09 November 2018
C M Taylor on ‘keystroke logging project’ with British Library
a guest blog by Craig Taylor, whose latest novel, Staying On, is published by Duckworth in 2018. In 2014 he began a project with the British Library to document the creative process of writing the book, using key-logging software. You can reach Craig on Twitter at @CMTaylorStory.
Re-entering the academic world after starting work as an Associate Lecturer on the Publishing degree at Oxford Brookes University, I began speculating about writer’s archives. Did previous scholars have access to more hand-written and typed drafts of works in progress - actual objects showing the shaping of works of art - but with the normalisation of computerized authorship, were these discrete drafts abolished in the rolling palimpsest of write and digital re-write?
Plus, I was considering a new novel myself, but as I have written elsewhere, emotionally I was daunted by the long-haul loneliness of novel writing, a process I considered in my most despairing moments as like wallpapering a dungeon.
I spoke to my friend Mark about these two things - the lost drafts and the loneliness - and in a flash he had the answer: ‘Put a piece of malware on it.’
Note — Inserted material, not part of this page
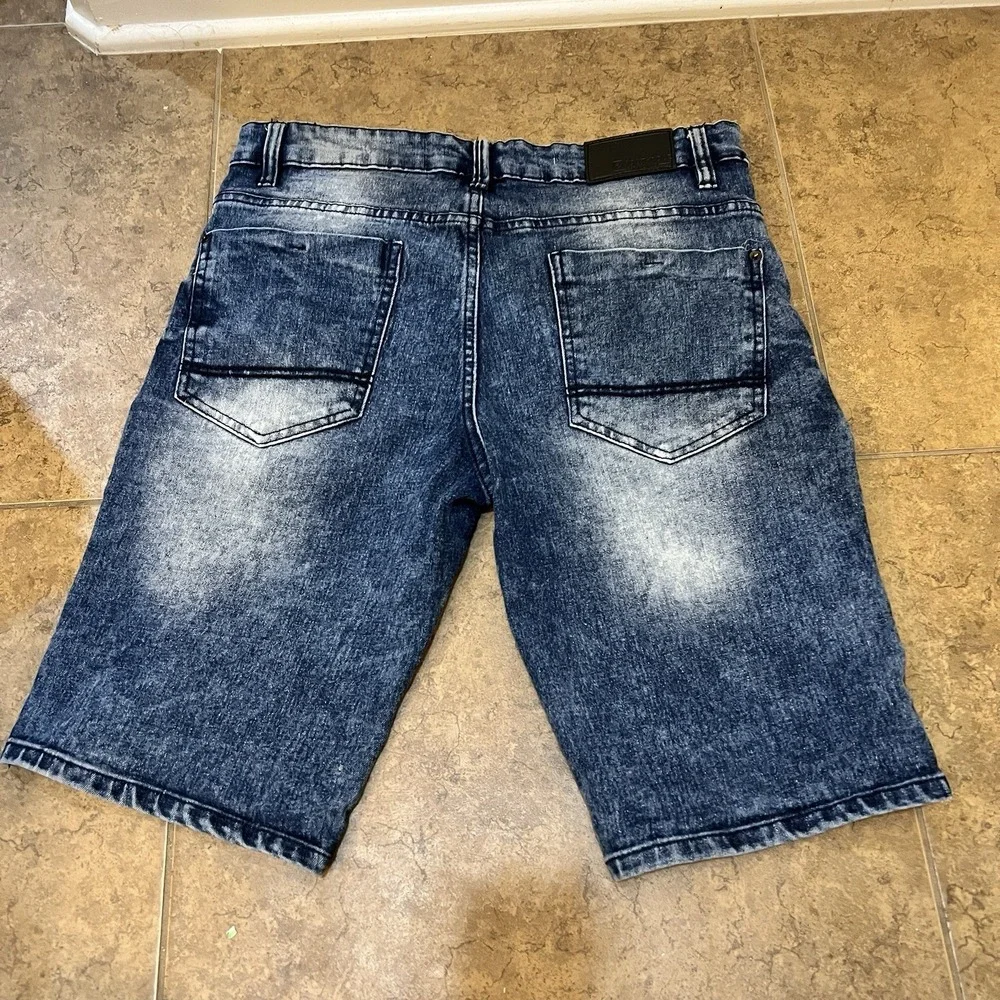 South pole Blue Jean shorts - Size 32 slim - Distressed - Black‎ Stripes - Men's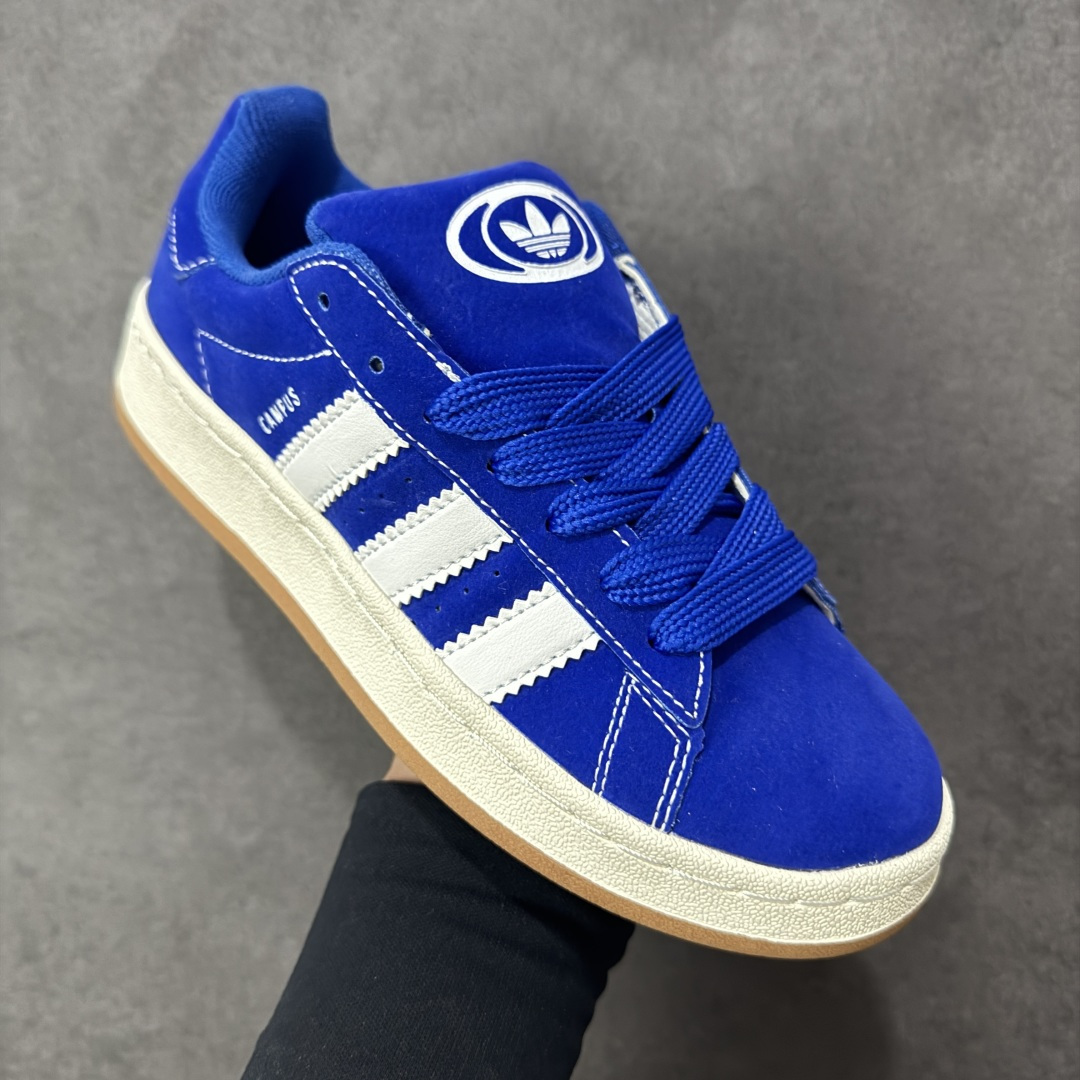 图片[3]-【福利版】Ad Originals Campus 00s 学院系列面包风复古休闲运动板鞋 #鞋款以经典复古鞋型 Campus 为蓝本打造全新面包鞋，鞋身采用绒面皮料搭配常规皮革，质感上还是延续了经典 Campus 的设计。鞋舌填充更加饱满，让鞋款整体看起来更加圆润，鞋舌还加入了与以往 Campus 不同的全新三叶草 Logo，令造型更具千禧气息。 货号：HQ3471 尺码：36 36.5 37 38 38.5 39 40-选品中心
He meant that if I put some malware, or spyware, on my computer to note everything I did, it would record all changes made to an evolving manuscript, plus it might offer a weird kind of company for me in my wallpapered dungeon.
It was worth a shot.
I contacted the digital curation team at the British Library in April 2013 and they could not have been more transparent, accessible and curious. We started talking about how digital production intersected with the scholarly recovery of the creation of works of art, and it turned out that my first view of things was off. Forensic curatorial techniques for salvaging the development of a manuscript on a hard drive did exist. It was just that they could not often be used, due to issues of privacy. How could you go into a writer's hard drive if they were writing and receiving email from multiple others from the same computer they were writing on, and writing on topics that might be of a personal sensitivity to one or more of the correspondents? Without complex legal initiatives and sensitive multiple consent, you just couldn’t.
But a simple solution was available. To save us from running into privacy issues, I would just buy a separate machine on which I wrote only the novel. I’m not the world’s richest guy, so I bought a pretty basic reconditioned laptop. After all, I was only going to write prose.
The reconditioned keylogging laptop on my writing desk at home.
We negotiated a contract where (to put it crudely) the data was the British Library’s but the resultant book was mine, and then we looked round for some software. The curation team found a piece of keylogging software called, Spector Pro about which Jonathan Pledge, a curator of contemporary archives at the British Library has recently written:
"The software used for capturing the writing process on the Craig Taylor project was the keylogging software, Spector Pro produced by SpectorSoft. In 2015 the company was rebranded as Veratio; Spector Pro is no longer part of the product range and is no longer supported. Spector Pro works with Windows variants from Windows XP to Windows 7.
After installation on a host computer, Spector Pro works by running undetected as a background application and cannot be accessed via the normal Windows user interface (it is not visible in the Applications folder). Access to the programme is by a default keyboard combination Control-Alt-Shift which brings up a password dialog box. The password is set by whoever installs the programme.
As keylogging software Spector Pro is not terribly sophisticated and seems to have been specifically designed for low-level company surveillance of employees, potentially without their knowledge. It is possible to run Spector Pro as a visible programme but this would seem to negate its original stated purpose.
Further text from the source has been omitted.